Vocabulary is not only important in business, in work, and in our health care; it is also imperative in our personal relationships. Words are the puzzle pieces that we use to convey our thoughts and ideas, share important information, show our understanding of others, and help us grow relationships with family and friends. A strong vocabulary can help foster a healthy life. 


What Are the Different Types of Vocabulary?

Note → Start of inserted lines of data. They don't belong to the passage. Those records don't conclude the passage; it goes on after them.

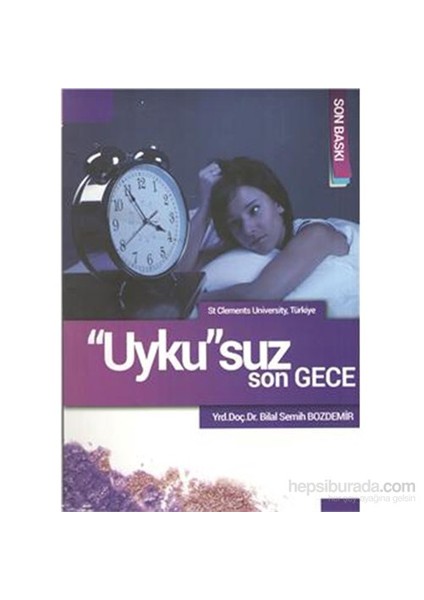 Uykusuz Son Gece-Bilal Semih Bozdemir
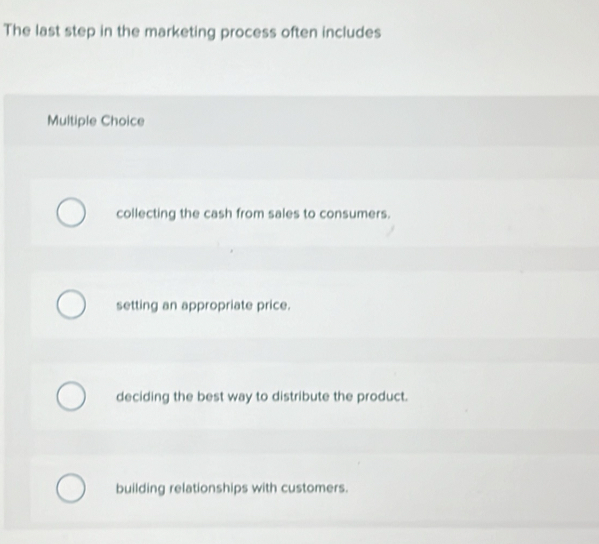 The last step in the marketing process often includes
Multiple Choice
collecting the cash from sales to consumers.
setting an appropriate price.
deciding the best way to distribute the product.
building relationships with customers.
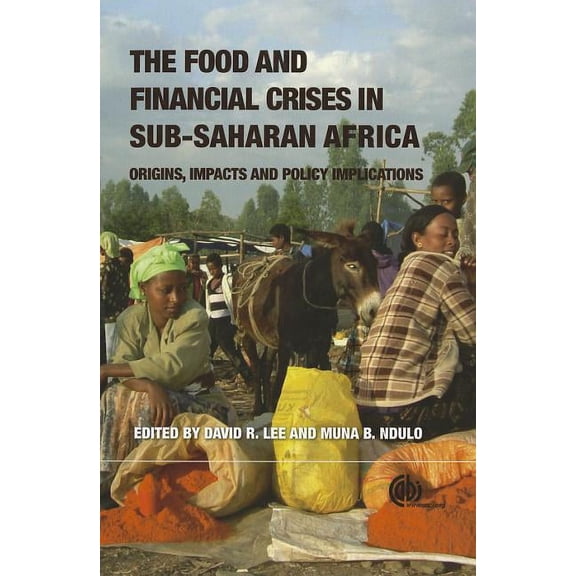 Food and Financial Crises in Sub-Saharan Africa: Origins, Impacts and Policy Implications, (Hardcover)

Have you ever wondered what’s holding your students back? Low receptive vocabulary plays a huge role in poor reading comprehension in Grades 2-12 and continues to plague adults in their personal lives and in the workplace. 

Reading Vocabulary

A person's reading vocabulary is all the words they recognize and understand when reading. This class of vocabulary is generally the most abundant, as new words are more commonly encountered when reading than when listening.

Listening Vocabulary

A person's listening vocabulary comprises the words recognized and understood when listening to speech. Cues such as the speaker's tone and gestures, the topic of discussion, and the conversation's social context may convey the meaning of an unfamiliar word.

Speaking Vocabulary

A person's speaking vocabulary comprises the words used in speech and is generally a subset of the listening vocabulary. Due to the spontaneous nature of speech, words are often misused slightly and unintentionally, but facial expressions and tone of voice can compensate for this misuse.

Writing Vocabulary

The written word appears in registers as different as formal essays and informal social media feeds. While many written words rarely appear in speech, a person's written vocabulary is generally limited by preference and context: a writer may prefer one synonym over another, and they will be unlikely to use technical vocabulary relating to a subject in which they have no interest or knowledge.

Final Vocabulary

The American philosopher Richard Rorty characterized a person's "final vocabulary" as follows:

All human beings carry about a set of words which they employ to justify their actions, their beliefs, and their lives. These are the words in which we formulate praise of our friends and contempt for our enemies, our long-term projects, our deepest self-doubts and our highest hopes… I shall call these words a person's "final vocabulary". Those words are as far as he can go with language; beyond them is only helpless passivity or a resort to force. (Contingency, Irony, and Solidarity p. 73)[5]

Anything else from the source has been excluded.